● Problem
Give every line of the listing word for word, beginning at the first and including the line with "1973 Burgundy Ford Mustang Convertible" as the last.

● Study material
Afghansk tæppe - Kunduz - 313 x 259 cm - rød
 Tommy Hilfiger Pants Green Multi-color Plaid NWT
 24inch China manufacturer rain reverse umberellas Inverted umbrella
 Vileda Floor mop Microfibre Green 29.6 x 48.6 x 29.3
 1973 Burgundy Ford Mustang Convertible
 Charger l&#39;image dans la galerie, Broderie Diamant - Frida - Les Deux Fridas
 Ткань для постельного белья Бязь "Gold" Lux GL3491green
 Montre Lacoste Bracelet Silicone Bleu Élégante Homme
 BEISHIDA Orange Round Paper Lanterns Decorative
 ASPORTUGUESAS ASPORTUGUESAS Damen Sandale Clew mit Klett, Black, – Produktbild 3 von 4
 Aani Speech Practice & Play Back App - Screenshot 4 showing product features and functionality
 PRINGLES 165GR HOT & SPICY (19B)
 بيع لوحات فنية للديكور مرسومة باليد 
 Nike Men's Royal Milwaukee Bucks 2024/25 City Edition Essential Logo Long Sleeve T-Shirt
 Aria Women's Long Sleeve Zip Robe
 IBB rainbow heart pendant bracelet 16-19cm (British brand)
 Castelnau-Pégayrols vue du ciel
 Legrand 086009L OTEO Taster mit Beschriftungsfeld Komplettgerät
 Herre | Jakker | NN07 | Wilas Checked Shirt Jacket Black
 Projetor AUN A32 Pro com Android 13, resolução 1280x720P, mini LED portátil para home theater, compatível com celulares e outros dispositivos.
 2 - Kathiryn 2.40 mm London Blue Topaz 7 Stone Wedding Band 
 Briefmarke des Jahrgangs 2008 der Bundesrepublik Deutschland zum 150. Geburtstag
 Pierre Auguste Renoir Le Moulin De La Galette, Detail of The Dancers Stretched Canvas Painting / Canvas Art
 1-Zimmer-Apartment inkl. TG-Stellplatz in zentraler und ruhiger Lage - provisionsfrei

● Answer to this task
Afghansk tæppe - Kunduz - 313 x 259 cm - rød
 Tommy Hilfiger Pants Green Multi-color Plaid NWT
 24inch China manufacturer rain reverse umberellas Inverted umbrella
 Vileda Floor mop Microfibre Green 29.6 x 48.6 x 29.3
 1973 Burgundy Ford Mustang Convertible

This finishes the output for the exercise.